Bud Spencer e Terence Hill furono due supereroi che potresti incontrare al bar Sport del paese, ma con due nomi esotici che facevano assaporare l’America, che tiravano pugni più potenti di una pistolettata e avevano la vivace leggerezza dei fumetti.

Bastava un attimo ed eri dentro quel luna park di suoni onomatopeici, musiche scanzonate alla Oliver Onions, risse che stemperavano nella finzione le scorrerie dei cattivi di turno, ridotti a macchiette da cartone animato.


 

A Carlo Pedersoli fu riservato un unico premio, il David di Donatello alla carriera ricevuto nel 2010 (in coppia proprio con l’amico Mario Girotti). E questo fu il suo unico rammarico: non essere stato considerato dal grande cinema italiano. Ma la sua grande popolarità come Bud Spencer gli ha regalato il premio più grande di tutti: la riconoscenza di milioni di persone.

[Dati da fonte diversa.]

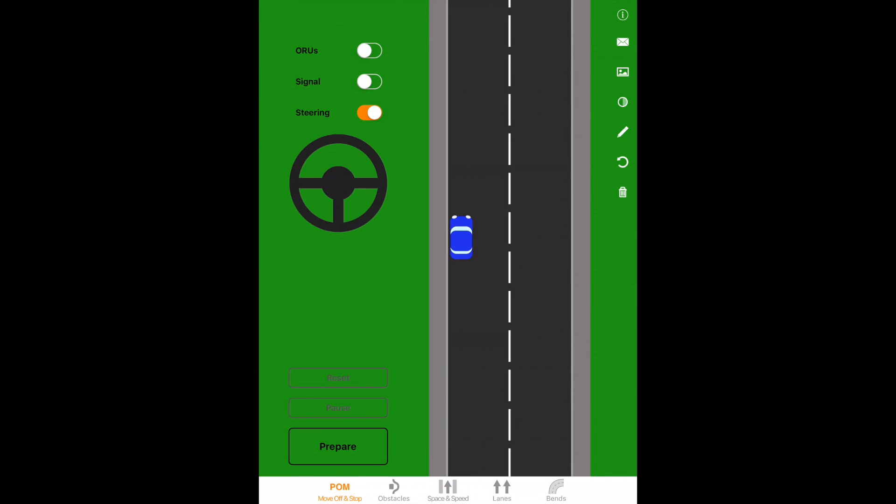We're going to have a look at some moving off and stopping. The first part is we're going to prepare the car. To prepare the car we'll press the clutch down, select first gear, then set the gas, find the bite point, and then keep our feet nice and still.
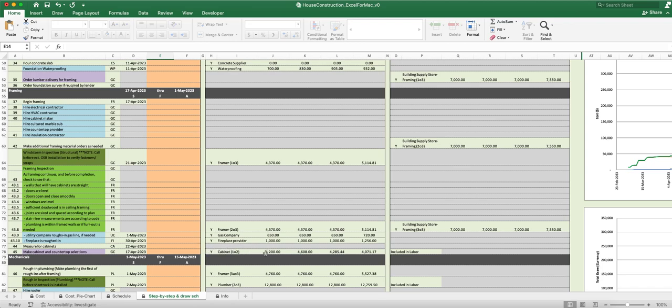For the payment on the cabinet, for example, you can see this is one of two payments. The first payment here is just to get it ordered and get him working on it. That's $4200 around 17 April. That'll be on your cash draw schedule.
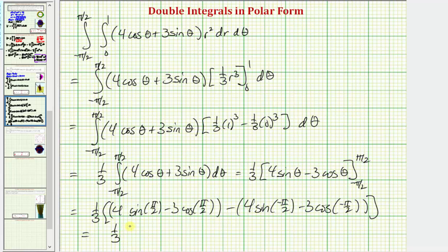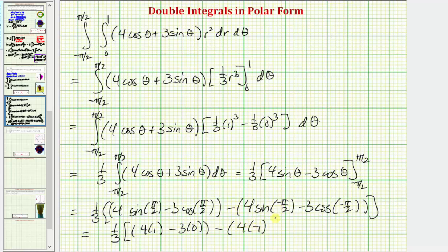Sine(π/2) equals one, so we have four times one. Cosine(π/2) equals zero, so we have three times zero. Sine(−π/2) equals negative one, so we have four times negative one. Cosine(−π/2) also equals zero. Inside the brackets we have four minus negative four, which is eight. One-third times eight equals eight-thirds, and this is the value of our double integral.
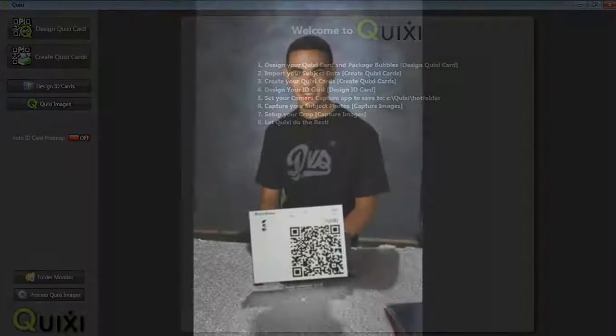Quixi supports all types of cameras and resolutions. The resolution needed for a successful scan will vary depending on the amount of data in the Quixi card, the QR code, and the distance to the subject.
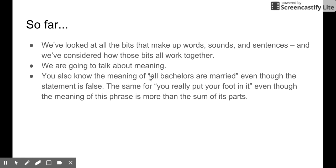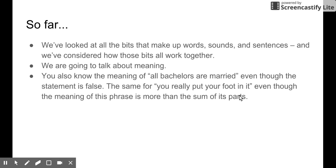We are going to talk about meanings. And there is something interesting and mysterious about meaning. For example, you know this sentence: all bachelors are married. You know the meaning of this even though you know this statement is false. And also, you know the meaning of a phrase that is more than the sum of all its parts — it means there is more than its literal meaning. But you can know what it really means, even though you only see the literal meaning.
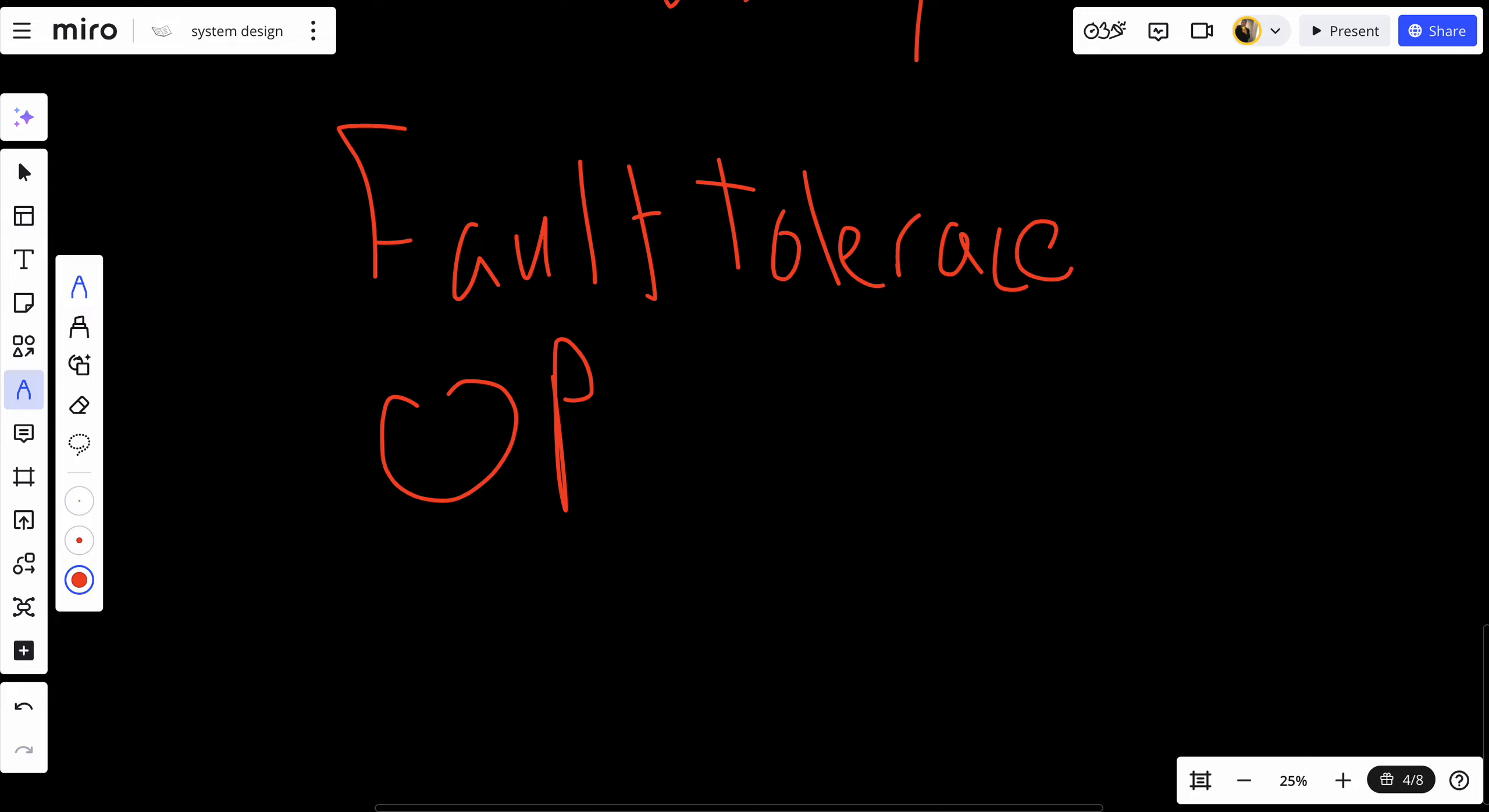To sum it up, distributed unique identity generators are essential for creating globally unique identifiers in distributed systems. They help ensure that your system is scalable, fault-tolerant, and capable of maintaining data consistency. Whether you use UUID, Snowflake, or database sharding, these tools are crucial for managing unique entities in large-scale applications. If you found this video helpful, don't forget to like, subscribe, and hit the notification bell.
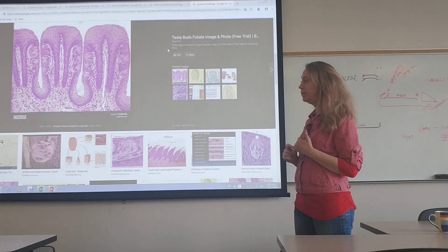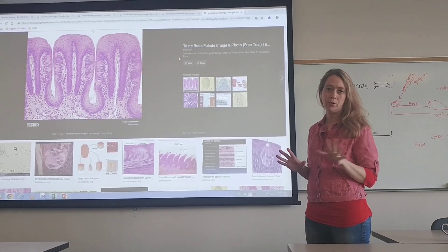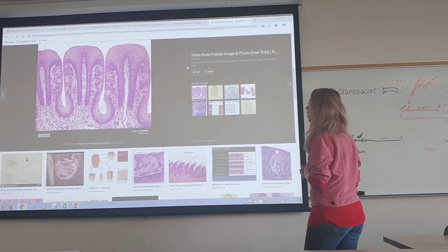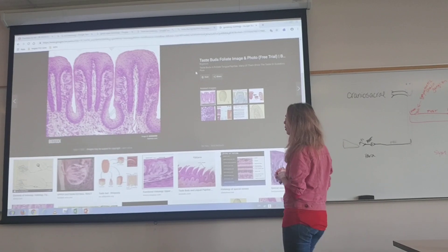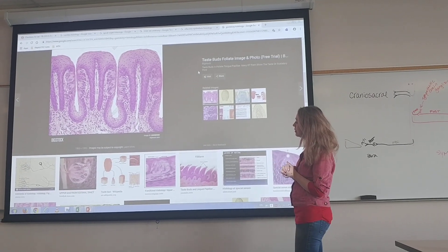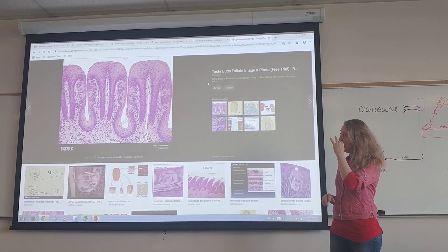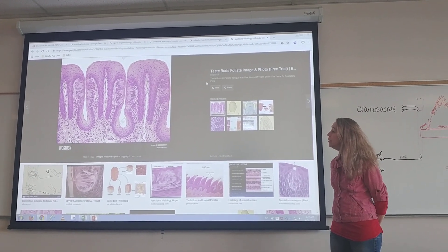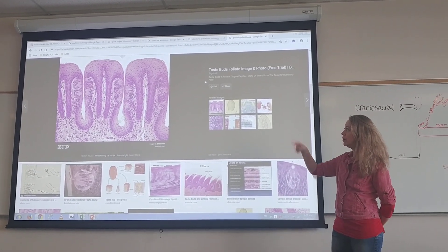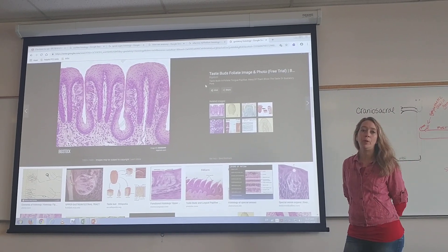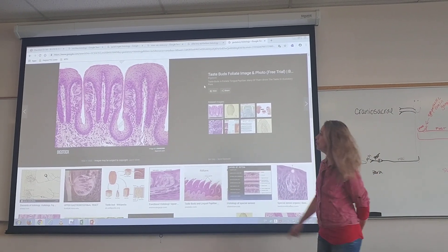We're looking at histology for special senses. We're going to start with gustation, taste. What we're looking at here, you can see the whole papilla — that whole mountain or hill shape.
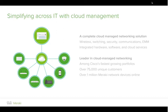Cisco recognized our preeminence in cloud-managed networking and acquired us in 2012. Since then, it's been explosive growth. With the help of the Cisco marketing machine, we now have well over 75,000 active unique customers and over a million network devices connected to the Meraki cloud at any one time.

Al grazie rivolto ai familiari prima di spegnersi, si unisce quello di tanti bambini diventati grandi e di grandi diventati nonni. E certamente anche chi ancora non è nato si troverà un giorno davanti a uno schermo mentre un colosso barbuto e un biondino smilzo menano le mani per dare una lezione a bulli e prepotenti con uno sbshhh che vale più di mille parole.